┌─ DATA EXCERPTS

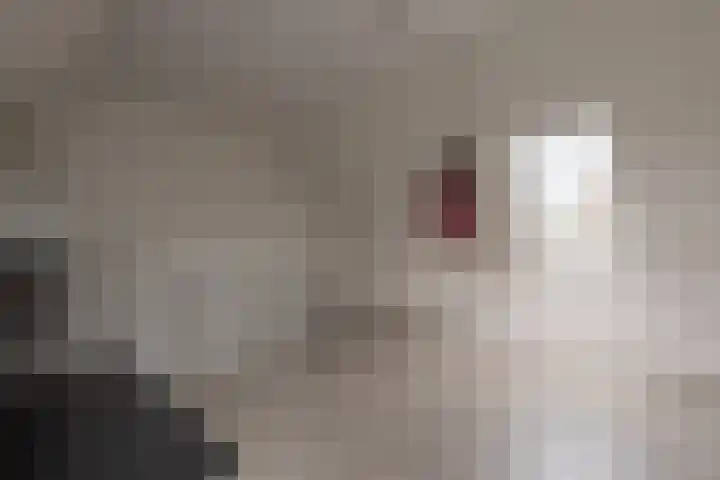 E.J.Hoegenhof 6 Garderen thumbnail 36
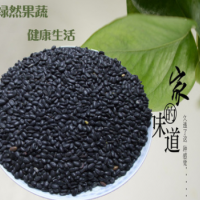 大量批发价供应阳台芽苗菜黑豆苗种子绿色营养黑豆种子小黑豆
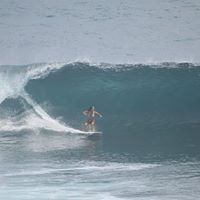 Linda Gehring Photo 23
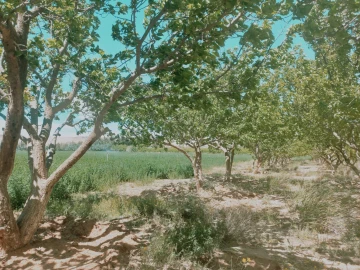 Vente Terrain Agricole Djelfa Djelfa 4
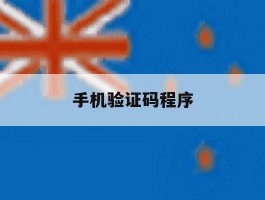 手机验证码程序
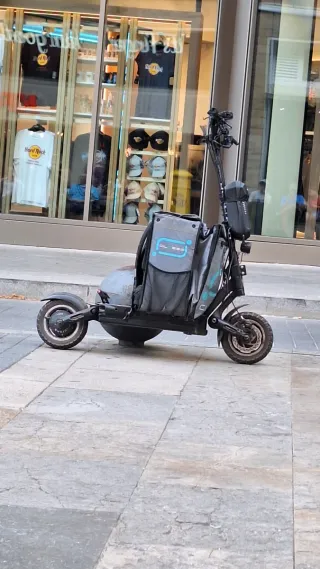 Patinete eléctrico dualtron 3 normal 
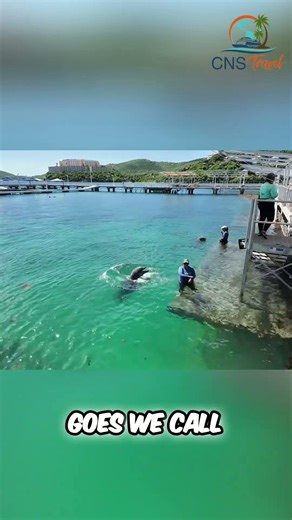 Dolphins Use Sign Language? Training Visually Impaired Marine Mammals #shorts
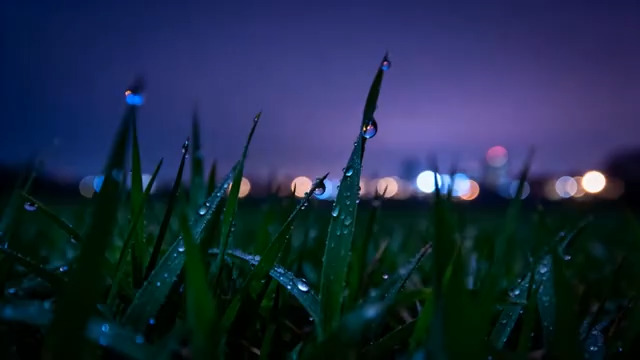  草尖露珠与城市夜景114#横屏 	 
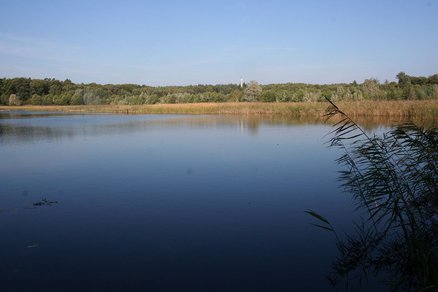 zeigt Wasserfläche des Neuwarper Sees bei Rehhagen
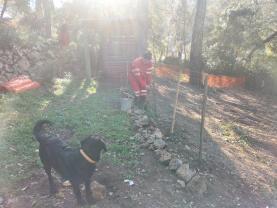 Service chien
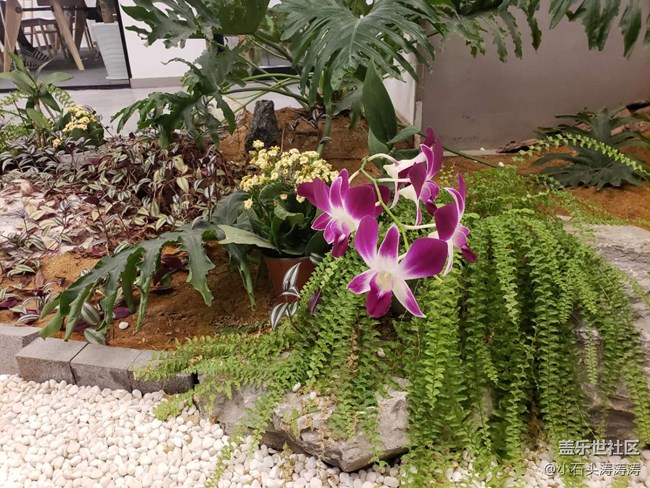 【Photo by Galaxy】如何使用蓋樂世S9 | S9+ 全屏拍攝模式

└─

The answer must be an exact restatement of all the records, with no pictures included.

 E.J.Hoegenhof 6 Garderen thumbnail 36
 大量批发价供应阳台芽苗菜黑豆苗种子绿色营养黑豆种子小黑豆
 Linda Gehring Photo 23
 Vente Terrain Agricole Djelfa Djelfa 4
 手机验证码程序
 Patinete eléctrico dualtron 3 normal 
 Dolphins Use Sign Language? Training Visually Impaired Marine Mammals #shorts
  草尖露珠与城市夜景114#横屏 	 
 zeigt Wasserfläche des Neuwarper Sees bei Rehhagen
 Service chien
 【Photo by Galaxy】如何使用蓋樂世S9 | S9+ 全屏拍攝模式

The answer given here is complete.